In our evaluation, we use NDCG@K, which focuses on the top-K ranked items. This is especially relevant in advertising systems, where the top few positions capture the majority of user attention and generate the highest revenue impact.

MAP@K

Mean Average Precision at K (MAP@K) is a widely used metric that evaluates the ranking quality of binary relevance tasks—in this case, distinguishing between clicked and non-clicked items. Unlike NDCG, MAP treats all relevant items (clicks) equally, without considering varying degrees of relevance. MAP@K emphasizes early precision, rewarding models that place clicked (i.e., relevant) items near the top of the ranked list.

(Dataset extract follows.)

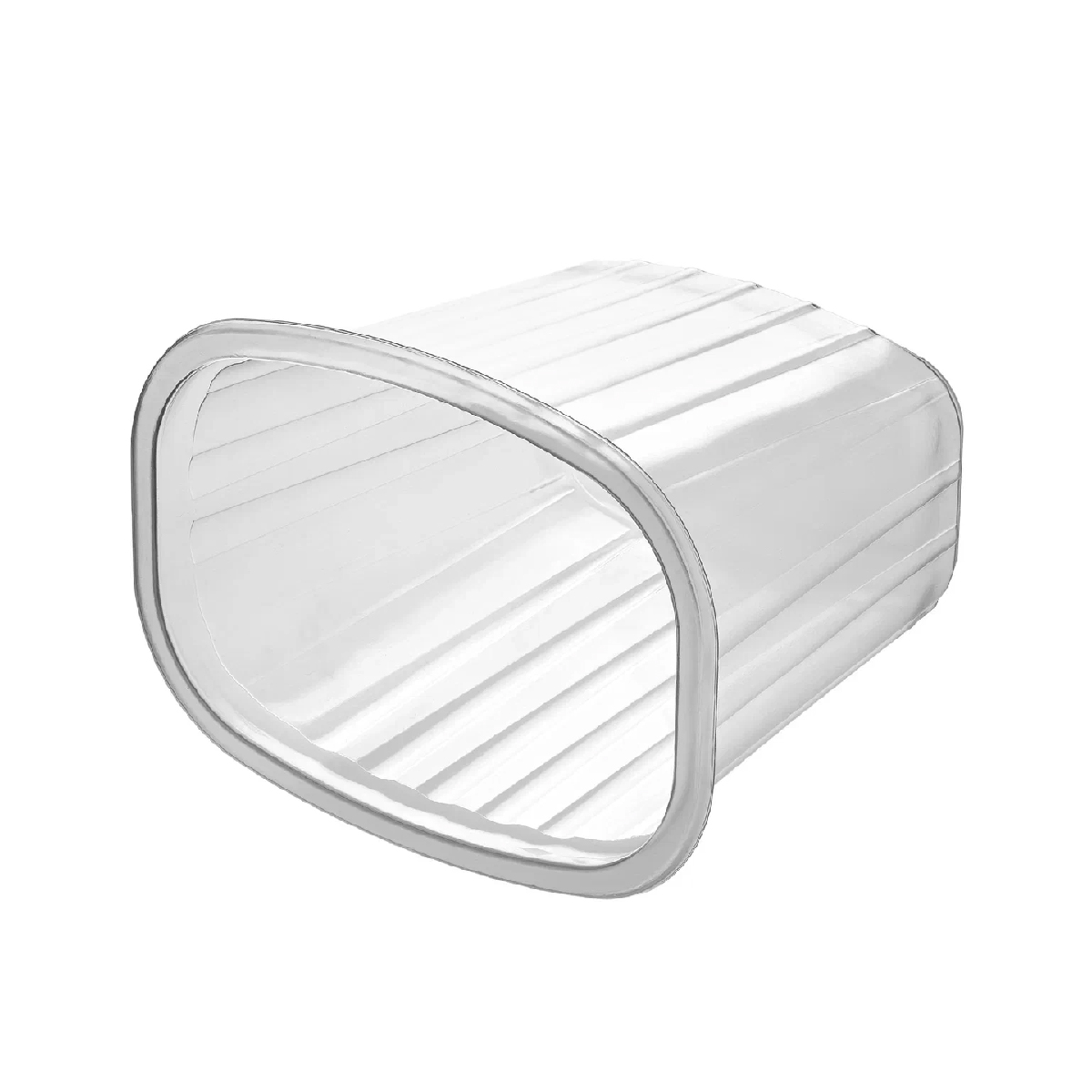 Контейнер одноразовый пласт. 0,75 л  139*102*116 мм упак. 50 шт. (1/10) "стандарт пластик"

First, we define Precision@k as the fraction of clicked items within the top-k positions:

$$Precison@k = \frac{\text{# clicked items in top-k}}{k}$$

Then, MAP@k is computed by averaging the precision at each position i where a click occurs:

$$MAP@k = \frac{\sum_{i=1}{k} Precision@i * l_i}{k}$$

Where: \(l_i\) is 1 if the item at rank i was clicked, 0 otherwise.

This metric is particularly useful for evaluating how well the model surfaces relevant ads early in the result list.

3.3 Online Metrics

For online A/B testing, we focus on standard business-oriented KPIs in advertising systems:

• CTR (Click-Through Rate):The ratio of clicks to total impressions, measuring user engagement.

• ACP (Average Click Price): The average price paid per click, indicating bid competitiveness and advertiser cost.

• RPM (Revenue Per Mille): Revenue generated per thousand impressions, reflecting monetization efficiency and the platform’s revenue from traffic.

4 References

[1] Ai, Qingyao, et al. "Learning a deep listwise context model for ranking refinement." The 41st international ACM SIGIR conference on research & development in information retrieval. 2018.

[2] Pei, Changhua, et al. "Personalized re-ranking for recommendation." Proceedings of the 13th ACM conference on recommender systems. 2019.

[3] Wang, Zhe, et al. "Cold: Towards the next generation of pre-ranking system." arXiv preprint arXiv:2007.16122 (2020).